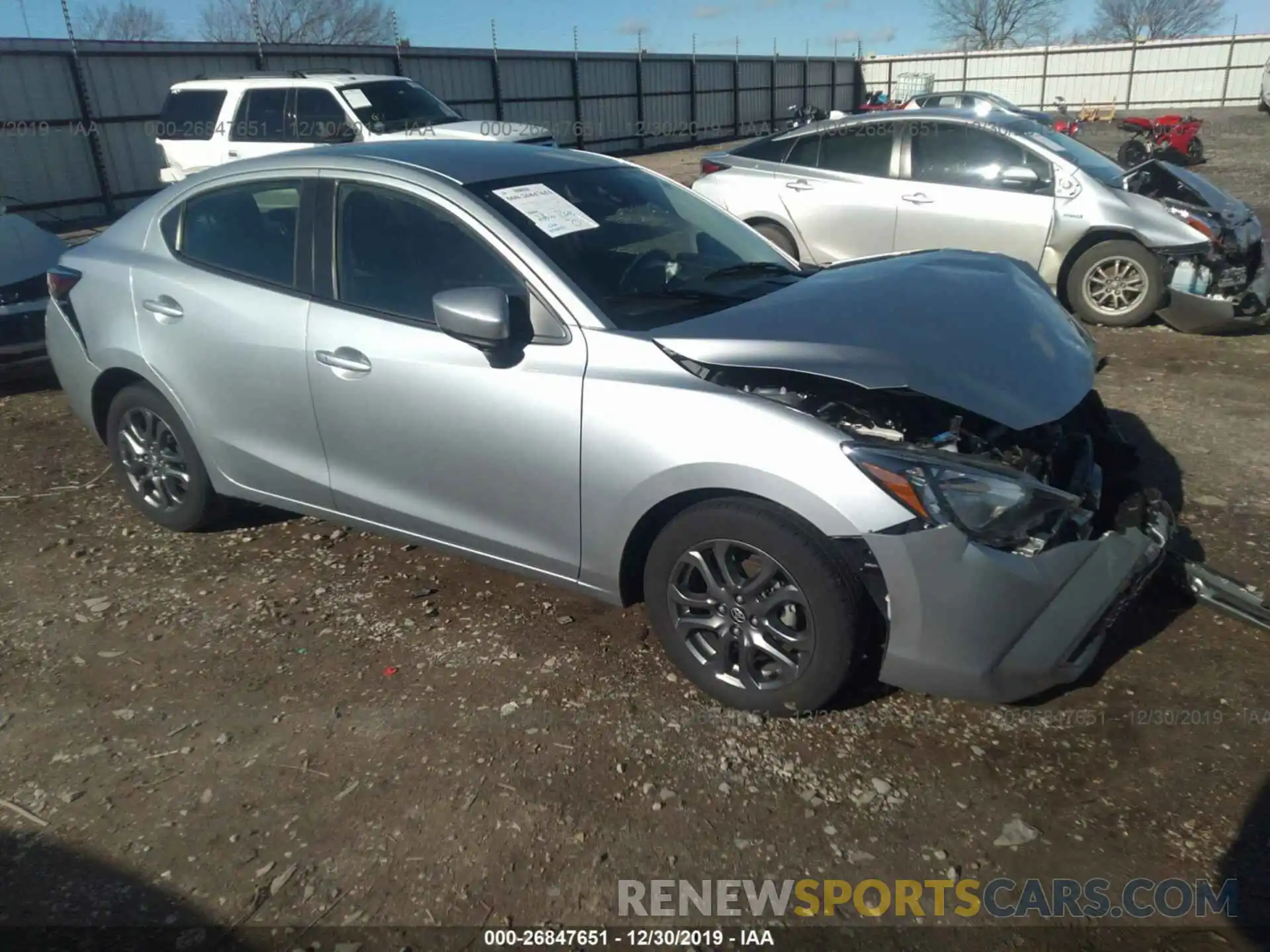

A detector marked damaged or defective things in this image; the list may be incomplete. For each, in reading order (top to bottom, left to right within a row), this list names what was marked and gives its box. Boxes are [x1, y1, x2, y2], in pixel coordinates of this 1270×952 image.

damaged white car [693, 110, 1270, 335]
crushed front hood [651, 253, 1095, 431]
damaged headlight [841, 444, 1080, 550]
cracked bumper [863, 502, 1169, 703]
□ □ □ □ □ □ □
» What you have to do
Return the material above verbatim, minus the pictures.

» Expected answer
A detector marked damaged or defective things in this image; the list may be incomplete. For each, in reading order (top to bottom, left to right within a row), this list names what was marked and gives its box. Boxes are [x1, y1, x2, y2], in pixel coordinates of this 1270×952 image.

damaged white car [693, 110, 1270, 335]
crushed front hood [651, 253, 1095, 431]
damaged headlight [841, 444, 1080, 550]
cracked bumper [863, 502, 1169, 703]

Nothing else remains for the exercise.